Extracted data entries:
BEGIN

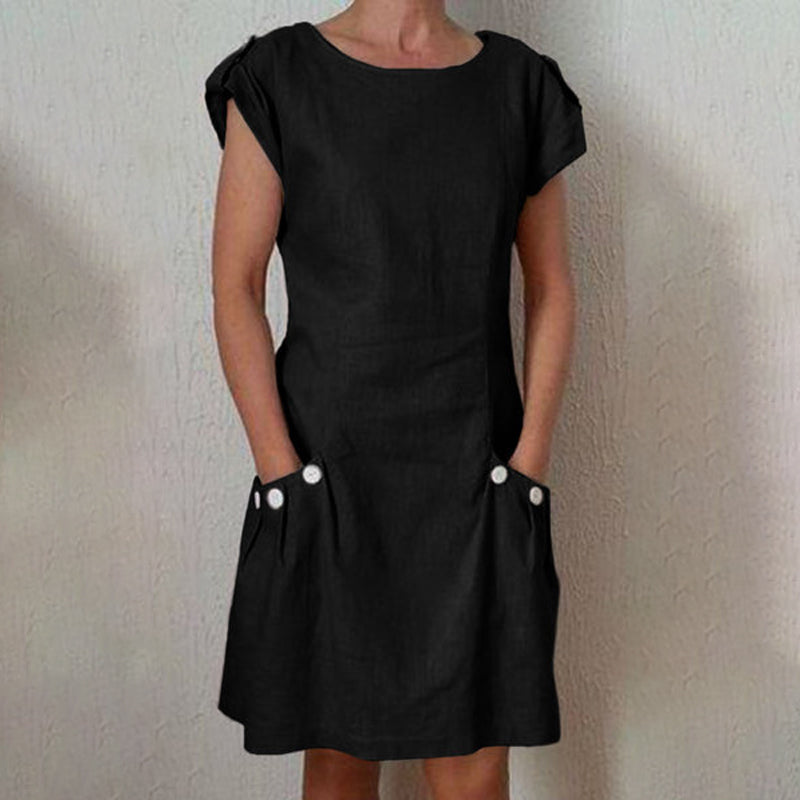 MW | Einfarbiges Lässiges Modisches Kleid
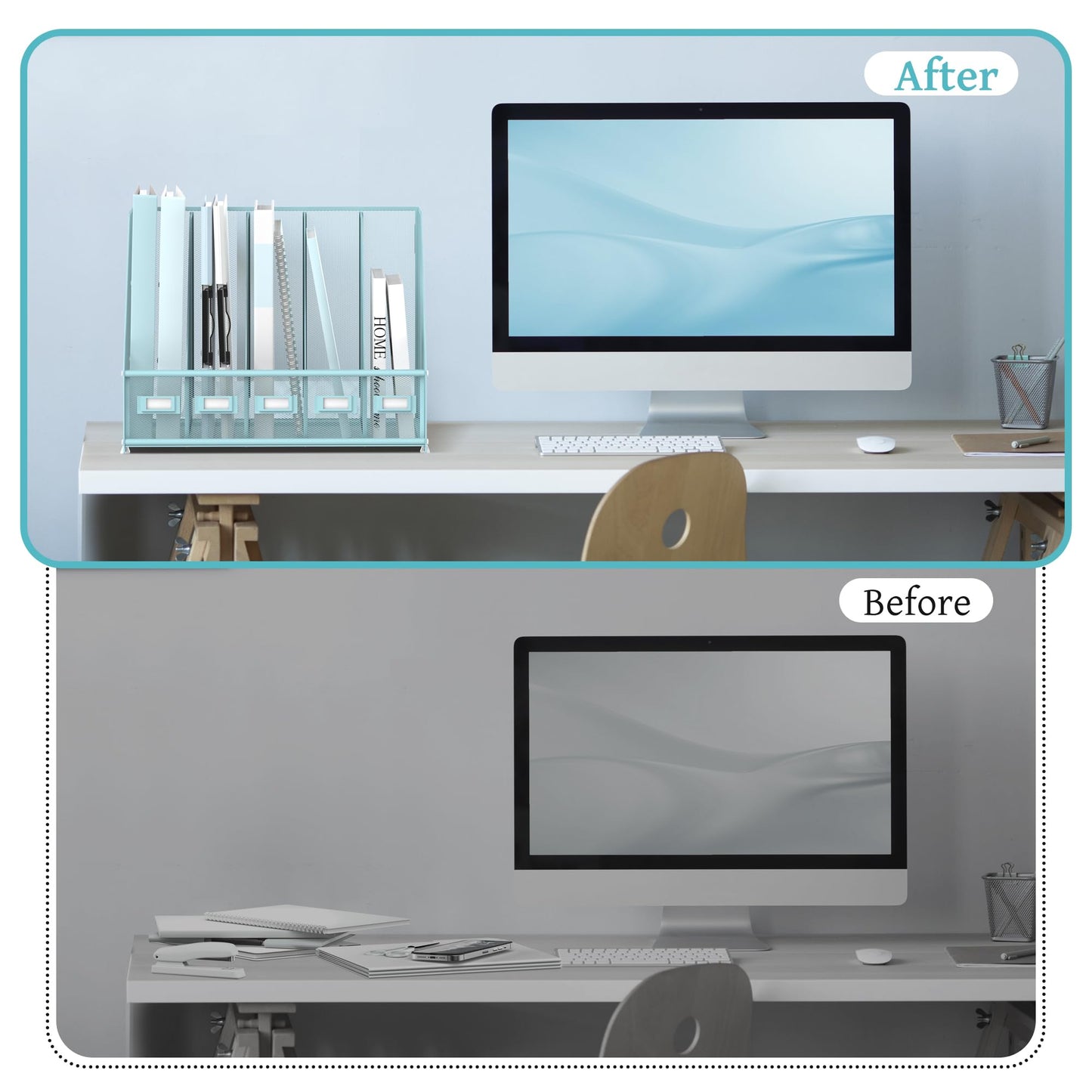 SUPEASY Desk Organizers Metal Desk Magazine File Holder with 5 Vertical Compartments Rack File Organizer for Office Desktop, Classroom, Home Workspace, Blue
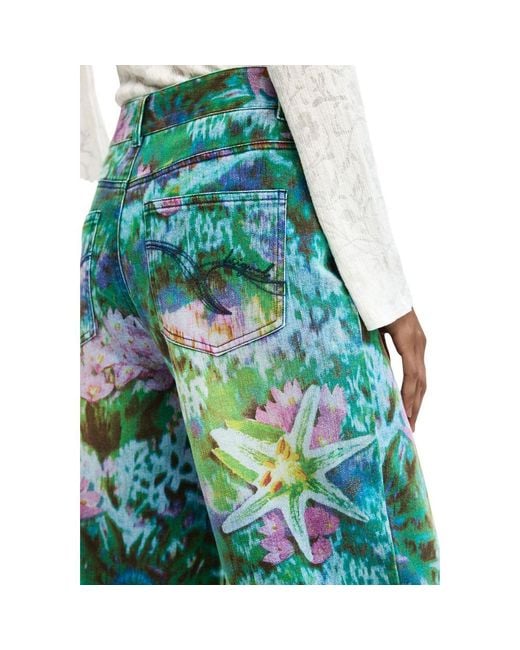 Desigual Green Cotton Mom Jeans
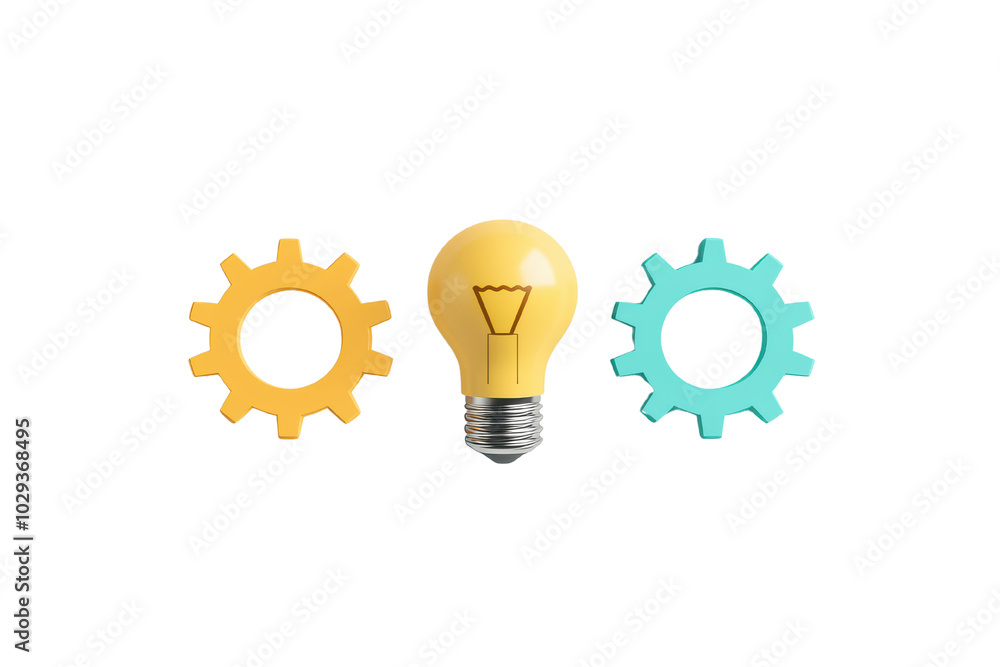 Poster light bulb and gears represent innovation and creativity. perfect for tech-related themes. isolated 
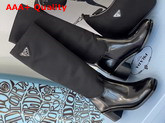 Prada Brushed Leather and Nylon Boots in Black with Triangle Logo Replica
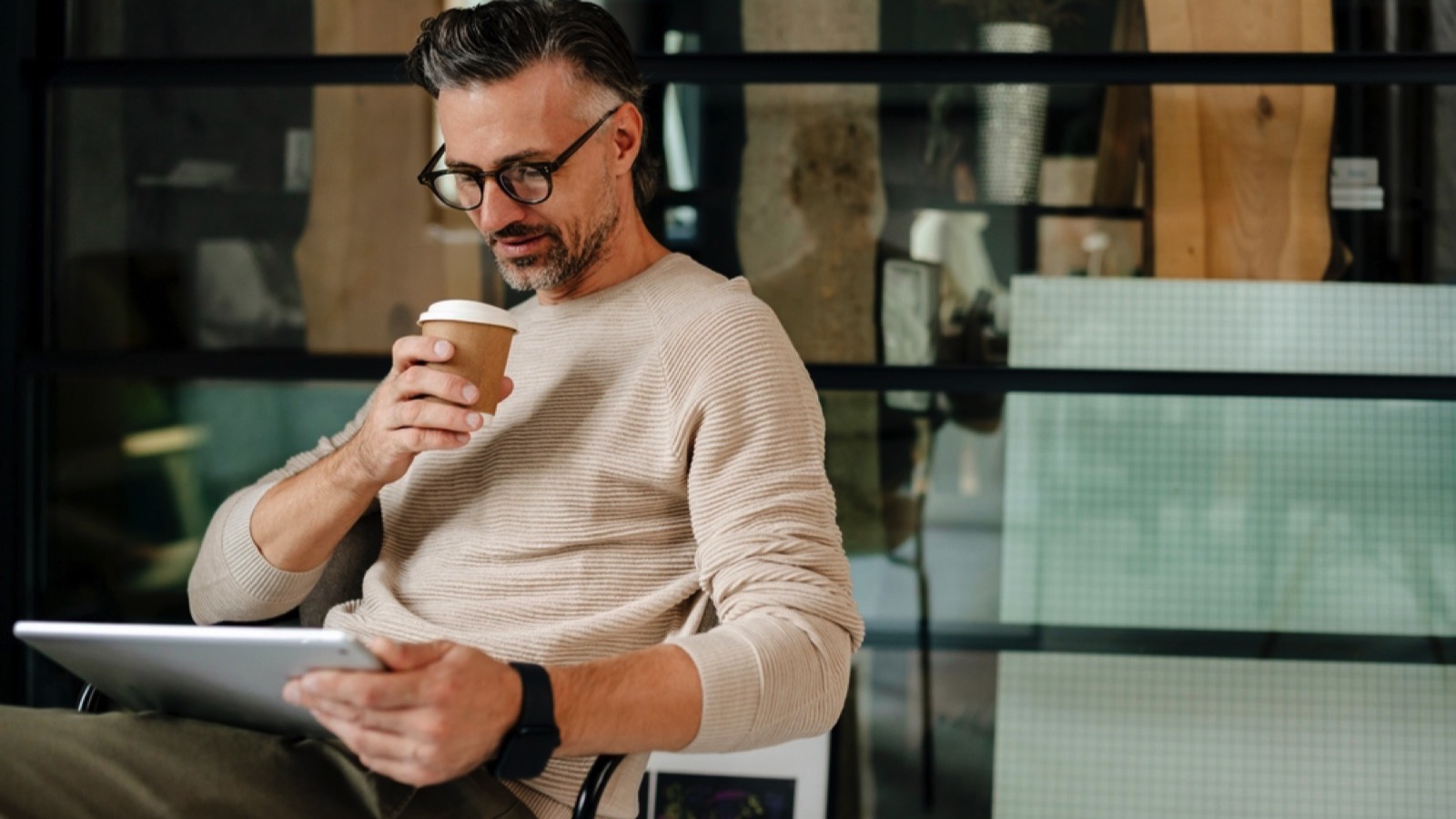 Mature man drinking coffee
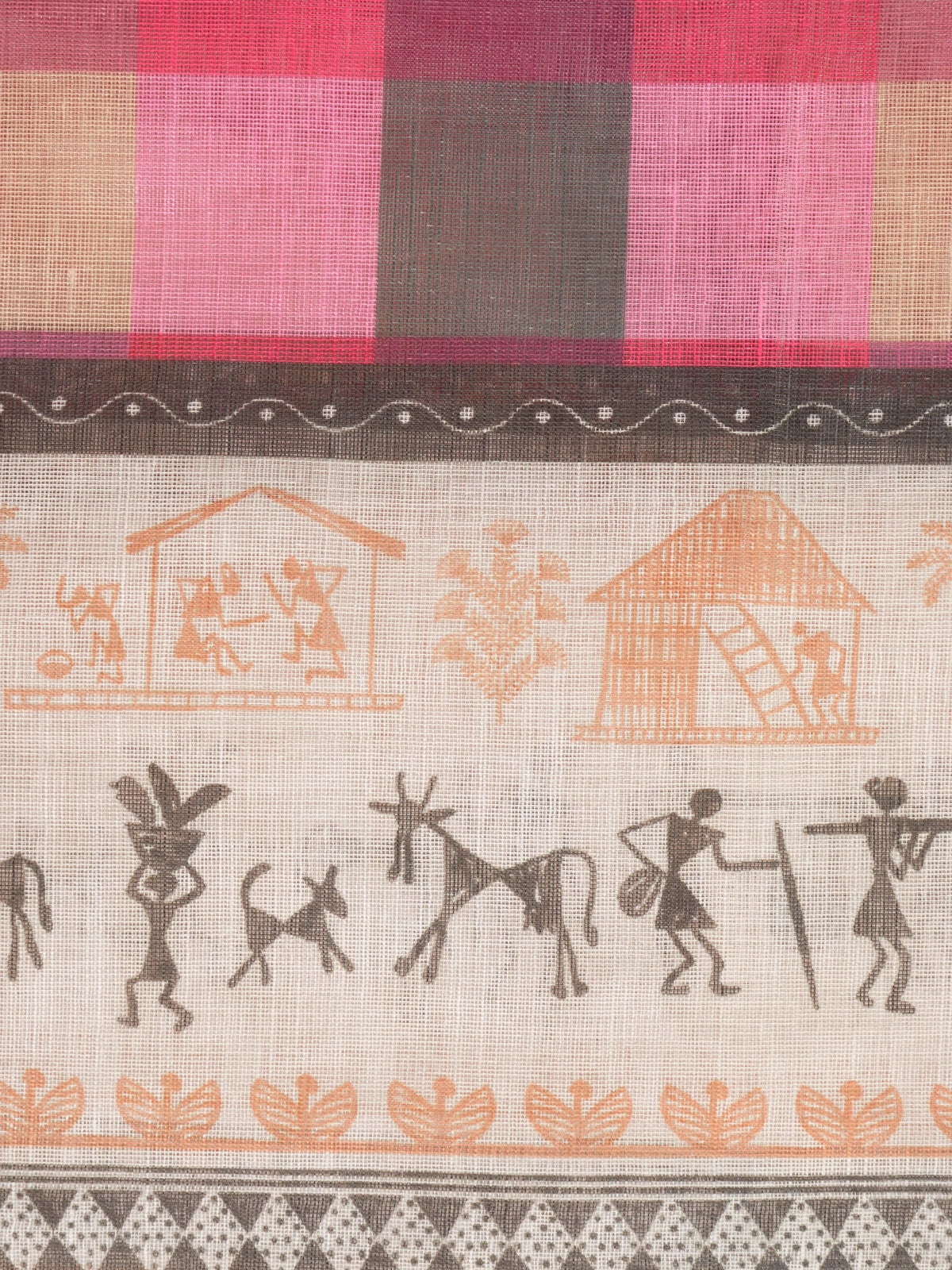 Pink and cream checked linen cotton saree with Warli tribal print border and contrast yellow blouse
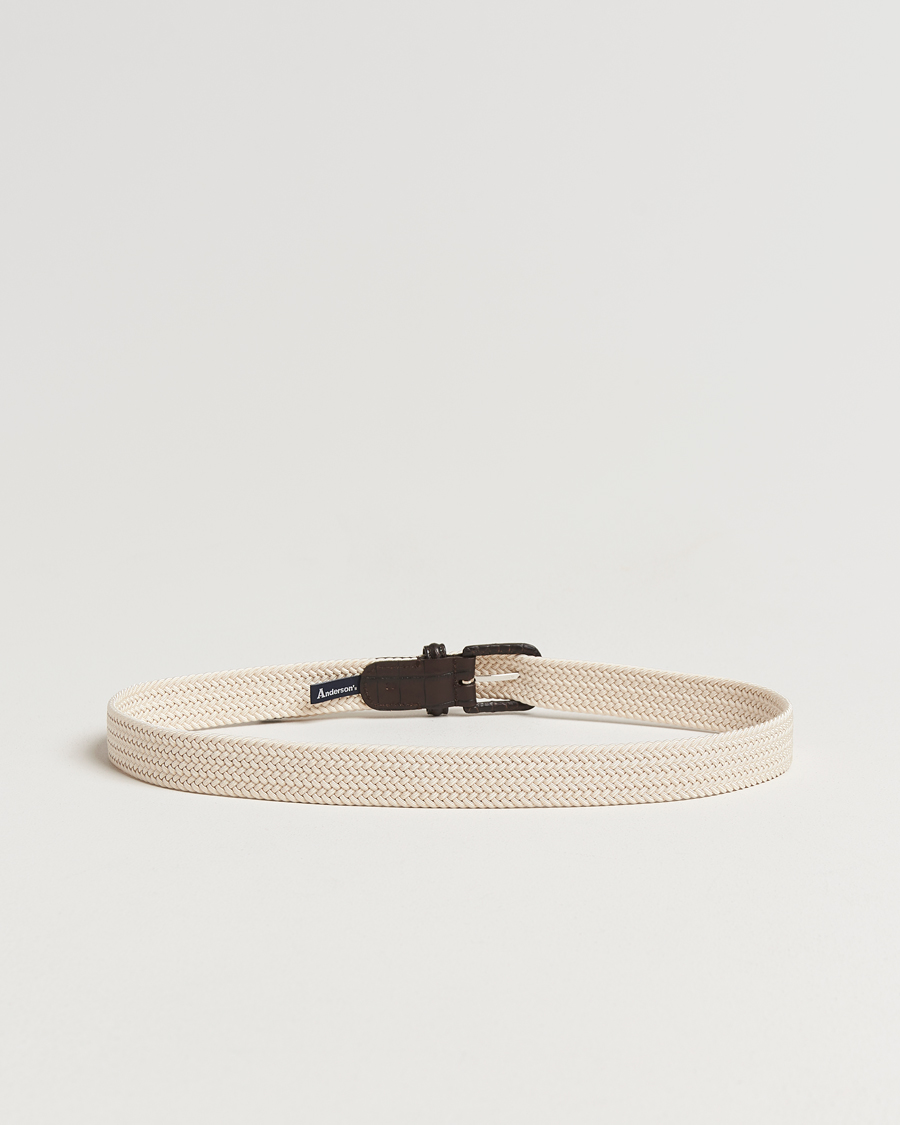 Anderson's Stretch Woven Leather Buckle 3 cm Belt Off White
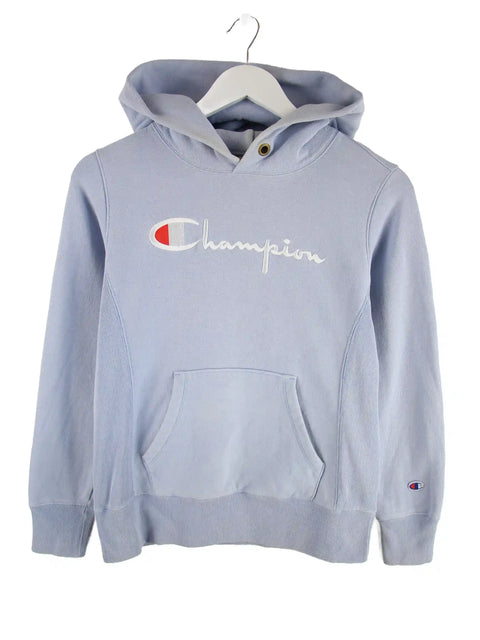 Champion Damen Reverse Weave Big Logo Hoodie Blau S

END

What is expected: The line that contains "Desigual Green Cotton Mom Jeans" begins the range and the last line of the entries ends it; print that range exactly, without pictures.

Solution for this problem:
 Desigual Green Cotton Mom Jeans
 Poster light bulb and gears represent innovation and creativity. perfect for tech-related themes. isolated 
 Prada Brushed Leather and Nylon Boots in Black with Triangle Logo Replica
 Mature man drinking coffee
 Pink and cream checked linen cotton saree with Warli tribal print border and contrast yellow blouse
 Anderson's Stretch Woven Leather Buckle 3 cm Belt Off White
 Champion Damen Reverse Weave Big Logo Hoodie Blau S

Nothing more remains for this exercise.